Poems in Red Notebook
First (typed) collection
Letter to Isobel Hodgson
Seafoam and Firelight
Letters to Mary Field
Second (typed) collection
Harriet Cohen and the Princess's Rose Garden
Elsa Sobrino
Verses - third typed collection
Love Poems of a Musician
A Dublin Ballad and Other Poems
Memoir 'The Two Brothers' (Francis Colmer)

There are two indices. The first keys the poems by title (it is notable that Bax gave titles to all the poems here). The second is a general index to people, works, places and events. This will be valuable to Bax enthusiasts and scholars.

There are some 280 poems collected together for the first time. It is not the first collection. For that we need to go back to a classically slim volume from Thames in which 90 or so of the poems were published under the editorship of Lewis Foreman. Each poem in Ideala is carefully footnoted to explain obscure references. Alternative versions are also recorded with variorum diligence.

The book lacks a dust jacket and this may be a material drawback in years to come especially if heavily used.

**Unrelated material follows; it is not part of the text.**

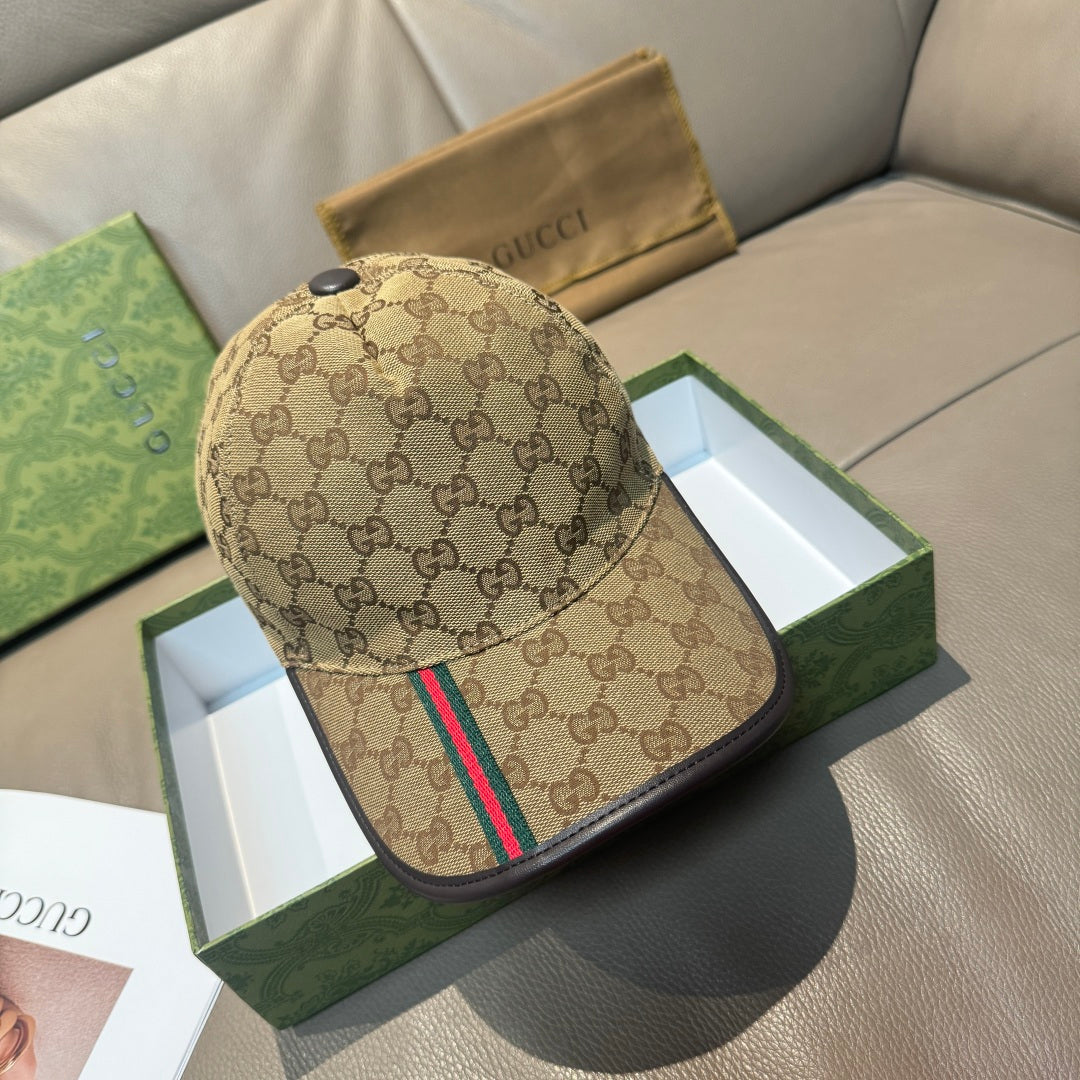 Gucci baseball cap in tan GG canvas with black brim and multicolor Web stripe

It is very solidly case bound in bleached cream boards inlaid with gold stamped titling and using rondel designs from an early edition of Swinburne's 'Atalanta in Calydon' (itself a poem set as a symphony for voices alone by Bax's yet more neglected contemporary, Granville Bantock).

We must not forget that the letters and poems are the product of an artist between the ages of year 1904 to 1916. Where published at all their presentation to the general public was long delayed.

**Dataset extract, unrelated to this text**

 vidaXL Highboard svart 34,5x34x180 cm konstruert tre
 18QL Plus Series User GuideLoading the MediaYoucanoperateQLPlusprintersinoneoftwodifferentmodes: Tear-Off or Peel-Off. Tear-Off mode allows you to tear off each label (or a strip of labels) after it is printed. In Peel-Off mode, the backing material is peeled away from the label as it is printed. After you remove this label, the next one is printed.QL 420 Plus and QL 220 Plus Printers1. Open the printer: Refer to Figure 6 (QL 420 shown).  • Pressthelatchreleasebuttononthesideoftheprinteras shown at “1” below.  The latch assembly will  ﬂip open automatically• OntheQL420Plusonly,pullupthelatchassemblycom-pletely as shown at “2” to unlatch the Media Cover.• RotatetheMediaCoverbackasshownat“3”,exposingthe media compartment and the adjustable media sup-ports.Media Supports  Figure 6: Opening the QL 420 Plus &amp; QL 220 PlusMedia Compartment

There are plentiful photographs and other plates. Some of these appear for the first time including a 1920 photo of Mary Gleaves (whom Bax met in 1926). This reveals a face of witchery and an elfin bone structure. We take away some insight into what it was that drew Bax to her.

Bax's revelling in youthful amours helped him through his forties and fifties. He strove some would say rather pathetically to keep in touch with the dangerously delicious spirit that lit his privileged youth and which fed his music. When even that burned to ash his music too lost its wayward conviction, its dangerous imagery and its Hy Brasil enchantment. His last poems date from the end of the Great War written at the age of 25. By the time another 25 years had passed he had completed his Seven Symphonies and the works that followed evince hardly a sign of the flame-chased conviction that burned in his greatest music. A more ruthless verdict would draw the line not at 1945 but at 1935.

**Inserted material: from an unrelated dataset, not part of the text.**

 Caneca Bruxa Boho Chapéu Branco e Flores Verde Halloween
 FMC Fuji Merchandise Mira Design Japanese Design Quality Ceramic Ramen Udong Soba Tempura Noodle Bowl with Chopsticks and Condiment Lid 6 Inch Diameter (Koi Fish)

Bax's literary efforts are youthful. This was a youth to which Bax bade a regretful, anxious and not very convincing farewell. It was across these ravines, over these cliffs, touching these yielding hills, that Bax developed as a man. His youth shackled him but at the same time liberated from him music unique in the world's art. Without his infatuation with youth and without the pain of its trickling and then accelerating loss his music would have been less than it is.

Bax's verse, even his sparer style of the later years, is not for those who crave the instant gratification incited by the present day. It requires time. I wonder if it will appeal to the poetry press. I am intrigued to see how the book is received in those quarters. For Baxians and even for those who have just been caught up by a chance hearing of a Bax work this poetry, refulgent, pained, ecstatic, sensuous, will add volume, mass and dimension to the listening experience. I wonder how long it will be before these poems are used as an oration to one of Bax's works.

The poems offer evidence of Bax's psychological landscape. That evidence is probably even more valuable than his letters though possibly harder to interpret. In verse the emotional language of youth (at least of Bax's generation) is most likely to have been freed to express itself.

I do not underestimate the dedication invested in this work by the editor and the publisher. It must have been a phenomenal task and it is the fate of such dedication that it will almost certainly see other Bax poems emerging from private collections. It is intriguing to think that further poems may yet be found amongst the Harriet Cohen papers which came into the public domain last year.

This is a prominent landmark in the Bax literature and another magus-key to one window into Bax's musical legacy: a magic casement indeed.